IL CODACONS DENUNCIA

Acqua sporca, camere sudice, spiagge lontane e cibo avariato. Ma anche bravi animatori e operatori turistici tutto sommato competenti. Sono state queste, secondo un’ indagine del Codacons, le vacanze ‘in agrodolce’ degli italiani. Che, tra malumori e piacevoli sorprese, hanno trascorso l’estate 2004 in giro per il mondo.

L’associazione per i diritti dei consumatori, che ha ricevuto nei mesi estivi circa 15 mila segnalazioni (2.000 solo allo sportello, 13 mila dalle varie sedi locali sparse sul territorio), ha registrato un vero e proprio boom delle intossicazioni alimentari, dei disagi legati ai trasporti e agli alloggi ancora in fase di costruzione. Tra le note positive, invece, c’e’ il miglioramento delle capacita’ organizzative di animatori e operatori turistici.

Rispetto alla stima resa nota a giugno, salgono del 2% le proteste relative al pacchetto turistico (dal 9 all’11%), in particolare per la revisione del prezzo. A determinare questo aumento è stato, secondo il Codacons, l’ adeguamento carburante connesso al rialzo del costo del petrolio che ha inciso anche sulle vacanze.

Scende di un punto percentuale rispetto all’anno scorso, ma rimane il disagio per eccellenza, la cifra degli italiani che hanno segnalato la scarsa igiene delle strutture e il cibo scadente: dal 29% al 28%.

In aumento, invece, le proteste sulle promesse illusorie, quindi non rispettate, dei depliant pubblicitari: dal 16% nel 2003 si e’ passati al 18%.

Stabile il disagio legato ai trasporti: il 21% degli italiani anche quest’anno ha avuto a che fare con ritardi e voli cancellati. Ma nella voce trasporti, il Codacons segnala una novita’. Tra attese troppo lunghe e voli soppressi, l’estate 2004 e’ stata piena anche di anticipi. Ovvero, la partenza e’ prevista di pomeriggio, ma l’aereo decolla in mattinata senza che nessuno avvisi del cambio di orario.

Significativa pero’, la diminuzione delle proteste legate al disagio chiamato ‘overbooking’, cioe’ del negato imbarco per sovraprenotazione nei voli: dal 9% nel 2003 al 6% nel 2004. In discesa rispetto allo scorso anno anche la voce smarrimento o furto del bagaglio: dal 9 al 6%.

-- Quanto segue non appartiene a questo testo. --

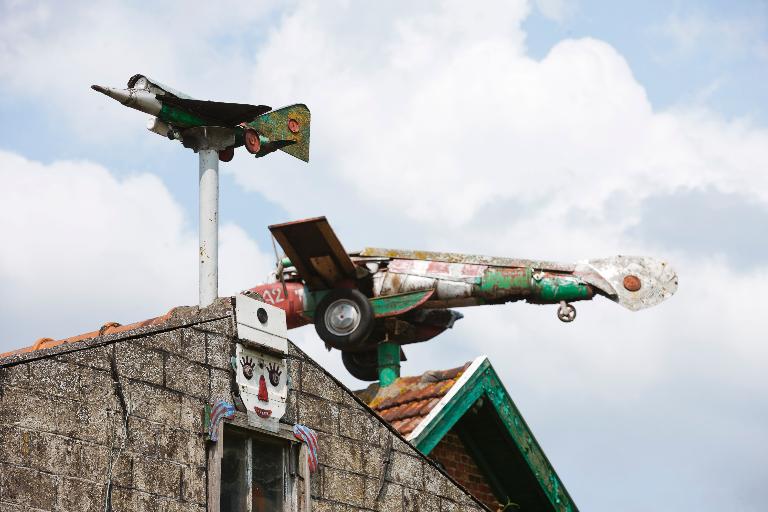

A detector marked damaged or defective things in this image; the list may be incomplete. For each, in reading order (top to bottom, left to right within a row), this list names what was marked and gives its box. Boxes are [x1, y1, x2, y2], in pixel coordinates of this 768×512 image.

rusty metal sheet [270, 216, 356, 290]
rusty metal sheet [360, 247, 576, 272]
rusty metal sheet [584, 256, 680, 312]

Se le strutture non funzionano, almeno ci pensano gli animatori a rasserenare gli animi degli sventurati in vacanza. Infatti, secondo l’indagine, sono diminuite le lamentele riguardo al personale, di solito tra le voci piu’ calde per scarsa preparazione e incompetenza: dal 2% nello scorso anno, la cifra e’ scesa all’ 1%.

Ma quando l’albergo e’ lontano dalla spiaggia o troppo rumoroso per riuscire a dormire, c’e’ poco da fare. Sono aumentati, infatti, i casi di inquinamento acustico, in particolare per la scelta di aprire ai turisti alberghi ancora in fase di costruzione: il 9% degli italiani ( 5% nel 2003) ha segnalato la presenza di ruspe e trapani in azione nei propri alloggi.

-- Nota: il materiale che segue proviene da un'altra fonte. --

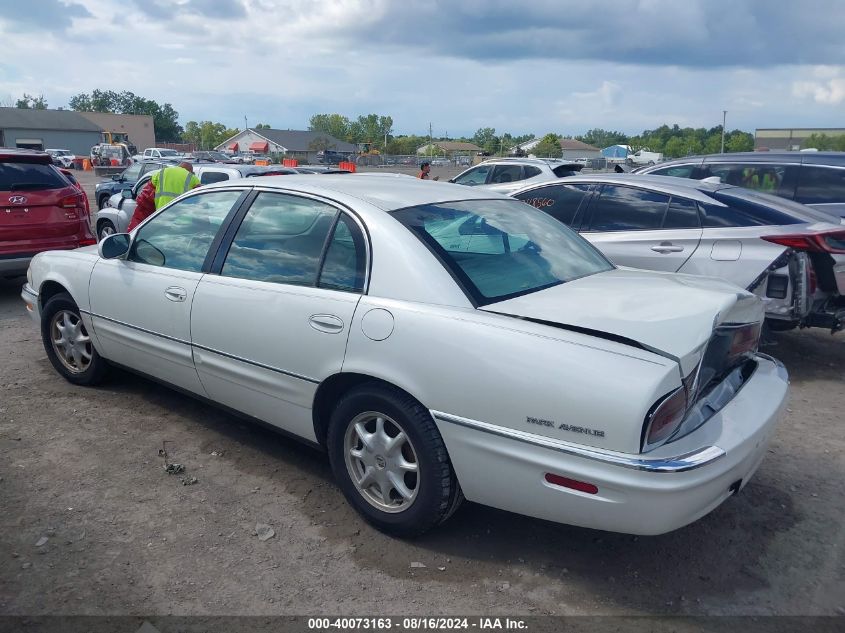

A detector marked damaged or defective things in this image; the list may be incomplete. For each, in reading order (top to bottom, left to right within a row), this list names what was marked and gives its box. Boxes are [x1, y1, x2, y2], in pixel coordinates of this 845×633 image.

damaged car [21, 175, 784, 536]
damaged car [512, 173, 840, 330]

Come rimediare quando le vacanze sono finite e in valigia rimangono solo brutti ricordi e soldi buttati? Il Codacons ricorda che chiunque ha subito un disagio o un danno deve esercitare immediatamente i propri diritti. I tempi sono molto stretti: per inadempienze rispetto al pacchetto turistico, il risarcimento deve essere chiesto entro e non oltre dieci giorni dal rientro. In caso di cancellazione del volo il passeggero, oltre a chiedere il rimborso del biglietto, puo’ avanzare ulteriori richieste, come telefonate al luogo di destinazione, pasti e consumazioni in attesa del volo. Per overbooking, il consumatore ha diritto ad una compensazione immediata pari a 150 euro per i voli fino a 3.500 chilometri e 300 euro per i voli che superano tale distanza. Il risarcimento per lo smarrimento o i danni al bagaglio e’ di 222.08 euro per ciascun bagaglio oppure 17.04 euro per chilogrammo. Il reclamo in caso di danneggiamento deve essere presentato alla compagnia entro 3 giorni per i voli nazionali , entro 7 per quelli internazionali.